My main question was how to break the traditional Ops way of work to be closed as much of a DevOps without the dev portion, but taking advantage of the mindset of being worried about the application not about the infrastructure, which will be a consequence, that basically focus on stability and performance. This mindset also brings a really good ownership, but may cause some issues related to communication.
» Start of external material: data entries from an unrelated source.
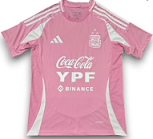 2026 ARGENTINA TRAINING JERSEY rep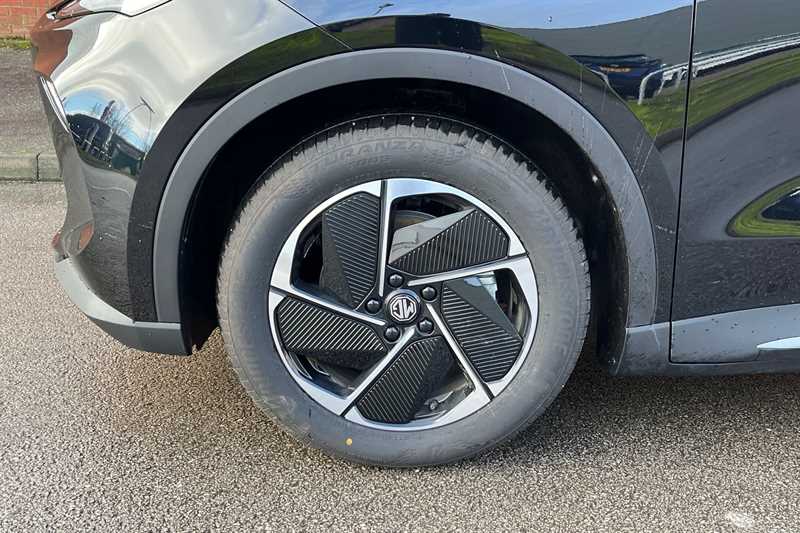 Used MG MGS5 2025 for sale - 77513117: Photo 44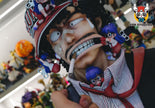 [Pre-Order] ZOR Studio - Statue - Dr. Slump - The Birth of Arale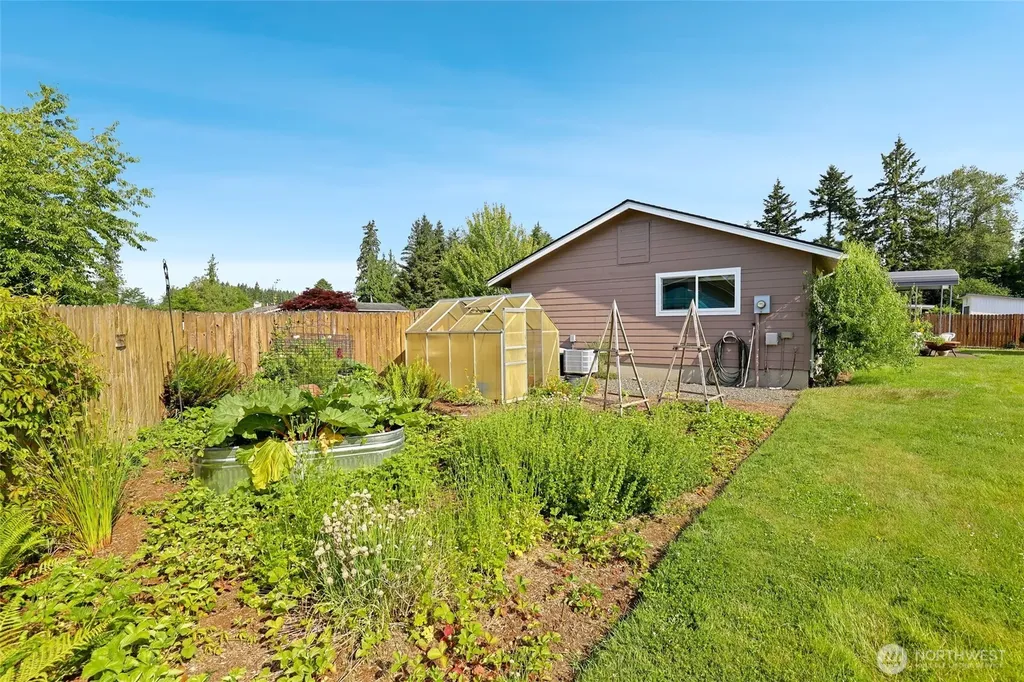104 Valentine Court Elma WA 98541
As the team grown we tried the traditional way of delivering tasks, a Service Desk software, which proved that the human nature makes each individual choosing the more comfortable tasks, causing for some tasks long waits in the queue. We tried creating a role of Ticket Manager, that didn’t work mainly because of the distributed nature and the size of the team, overloading those that quickly solves tickets, being the first choice of every escalated ticket. Going back to when we were 6 people in the team, we didn’t have those kind of issues… then reading… I had a “brilliant” idea lets create squads (like agile world) for OPS. Each squad must have at least one specialist of our main areas (dba, OS, middle) a level 1 and juniors to learn and help taking care of few customers and systems, this resulted in a quickly internal communication, reduced the handoff time and improved the ownership of problems and allowed the management layer to better understand how each one is progressing in their career. Now…. I had some easy days, I started talking individually to team again, understanding them even better and helping them to progress. That wasn’t the final draw, we’re always testing new processes, making some changes, but as quick as we can observe results faster we can improve.
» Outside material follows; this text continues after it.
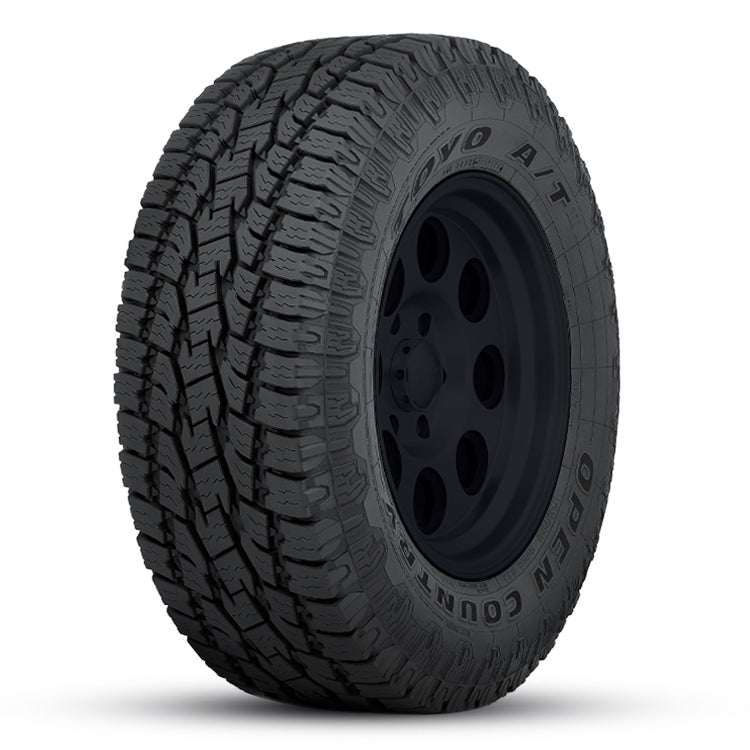 TOYO OPEN COUNTRY A/T II 275/55R20 111S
The dynamic of our weekly meeting is still getting improved, I found that sometimes (most of it) I got excited about some topics and talk too much, but the team has a single question, “what as their challenge of the week”. This shows were each of the team is in their career and more important, it increases the collaboration helping everyone in their careers.
We’re still specialized in problem solving, but we got way more creative, if we don’t find a tool in the market able to help us, we create it. I now personally spend most of my time encouraging the team to propose changes, optimizations, that help us to keep increasing our efficiency. Also I keep trying to make challenges to allow people to understand the problem before touching it, sometimes I already know the answer that could fix the problem quickly but there is no fun on giving that away, from my point of view… more difficult the challenge better will be the response. That’s how we practice for the worst, spending and understanding the problems that we have time and do the workarounds only when really needs.
With all that, we keep breaking the system daily the traditional ops operation, and most important we do that as a team, growing, learning from our mistakes and most important helping our customers to have their systems online and performing well.